Monday, April 11, 2016

THE RETALIATOR (1987)



PHENOMENALITY: *marvelous*
MYTHICITY: *poor*
FRYEAN MYTHOS: *adventure*
CAMPBELLIAN FUNCTION: *sociological*

THE RETALIATOR, also frequently known as PROGRAMMED TO KILL, is largely a wasted opportunity in every way. It's not even a lively junky action-film.

The blame can be equally shared by long-time director/film editor Allan Holzman and writer/co-director Robert Short. RETALIATOR is just a basic "Frankenstein" story transferred to the arena of international terrorism, and Holzman and Short bludgeon their one idea into taking the dullest, most predictable path possible.
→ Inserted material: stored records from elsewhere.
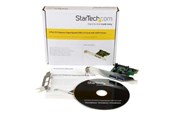 Controller - StarTech.com 2-poorts PCI Express (PCIe) USB 3.0-kaart met UASP - PEXUSB3S24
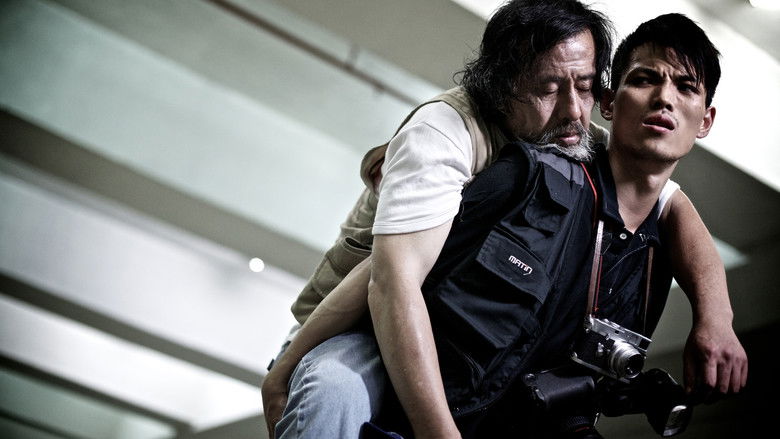 кадр из фильма 快門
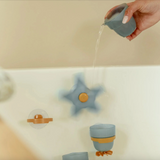 Gobelets de bain | Bleu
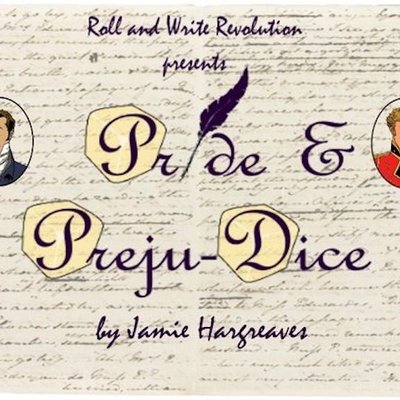 Pride & Preju-Dice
There's some potential in the character of Samira (Sandahl Bergman), an American expatriate who for reasons unknown has become allied with a terrorist group in Greece. Her motivations may be purely romantic, since early on she's seen sucking the face of the head terrorist, who sports the Islamic-sounding name "Hassim."  The CIA decides that Samira is the perfect subject for a cyborg-program, so they send agent Eric Matthews (Robert Ginty) to Greece to capture the female terrorist and bring her back to the U.S. Matthews only partly succeeds, for Samira fights back, knifing him, so that he's forced to kill her and bring back nothing but her dying body. This doesn't deter the CIA in the least, for they rebuild her as a cyborg killer and send her back to Greece, where she easily infiltrates the terrorists and kills them all. Immediately after that-- with no trigger to speak of-- Samira suddenly turns on her handlers and kills them. She then manages to return to the U.S, and begins killing off everyone involved in the project, as well as pursuing Matthews and his family.

There's a fair amount of shooting, but the script doesn't bother to take advantage of Bergman's athleticism, as seen in her best-known fantasy-film, 1982's CONAN THE BARBARIAN. Despite her cyborg enhancements, Matthews manages to kill her with the use of a bulldozer, in a scene even more risible than a similar slo-mo death in the intentionally comic AUSTIN POWERS.

About the only entertainment value of this loser is that of watching for an early appearance of later action-star Paul Walker.